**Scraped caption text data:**
◇ ◇ ◇

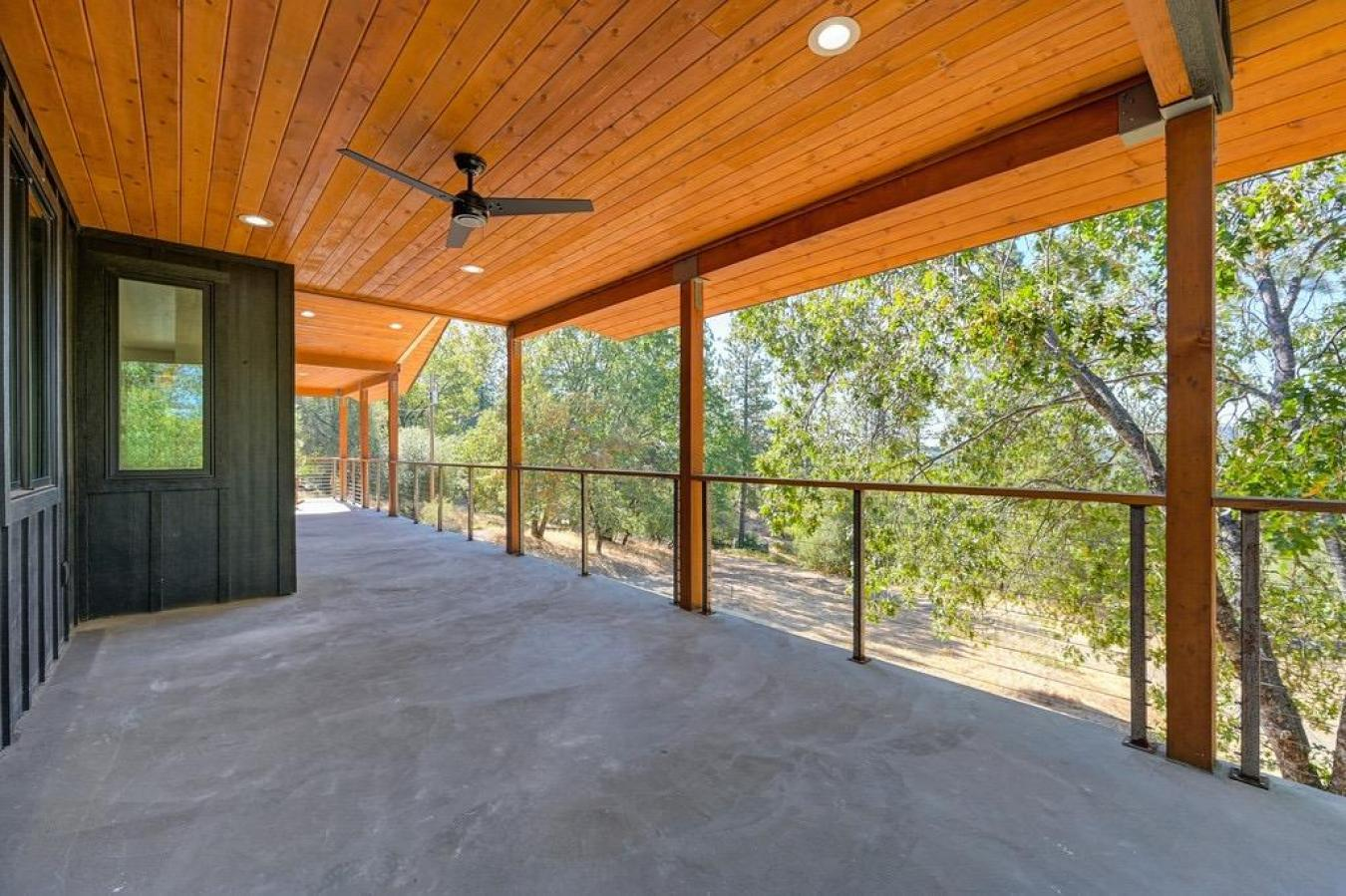property-image-4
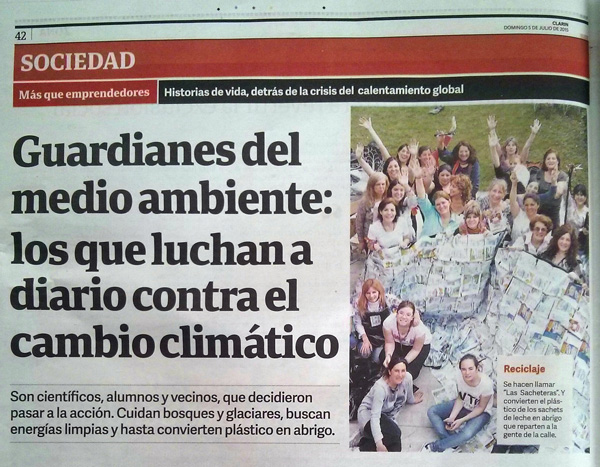 20150705_Guardianes_del_medio_ambiente_los_que_luchan_a_diario_contra_el_cambio climático_01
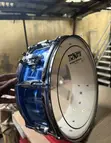 School Drum Set - Quality Marching Band Percussion - 3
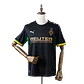 Borussia Monchengladbach - Camisola Alternativa 26/27 - Thumbnail 1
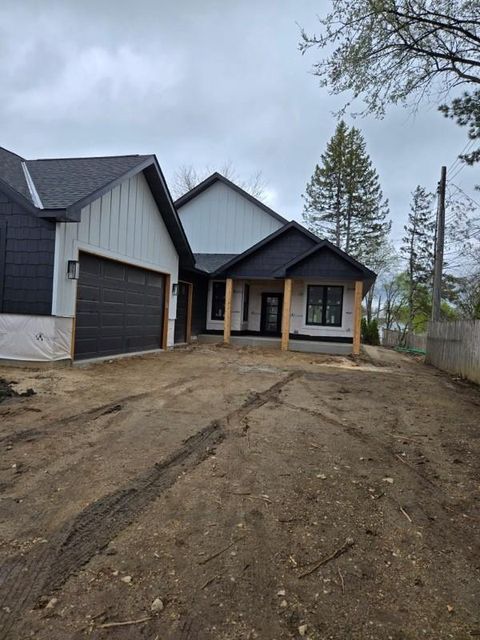 3909 W 54th Street Edina MN 55424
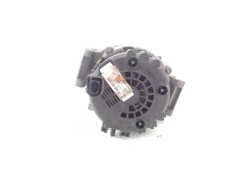 Recambio de alternador para mercedes-benz vito furgón (447) 2.1 114/116 cdi, 119 cdi/bt 4x4 extralang (447.605) referencia OEM I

◇ ◇ ◇

**What you will do:** Could each line of the data be written out exactly, with no pictures included?

**Answer to the exercise:**
property-image-4
 20150705_Guardianes_del_medio_ambiente_los_que_luchan_a_diario_contra_el_cambio climático_01
 School Drum Set - Quality Marching Band Percussion - 3
 Borussia Monchengladbach - Camisola Alternativa 26/27 - Thumbnail 1
 3909 W 54th Street Edina MN 55424
 Recambio de alternador para mercedes-benz vito furgón (447) 2.1 114/116 cdi, 119 cdi/bt 4x4 extralang (447.605) referencia OEM I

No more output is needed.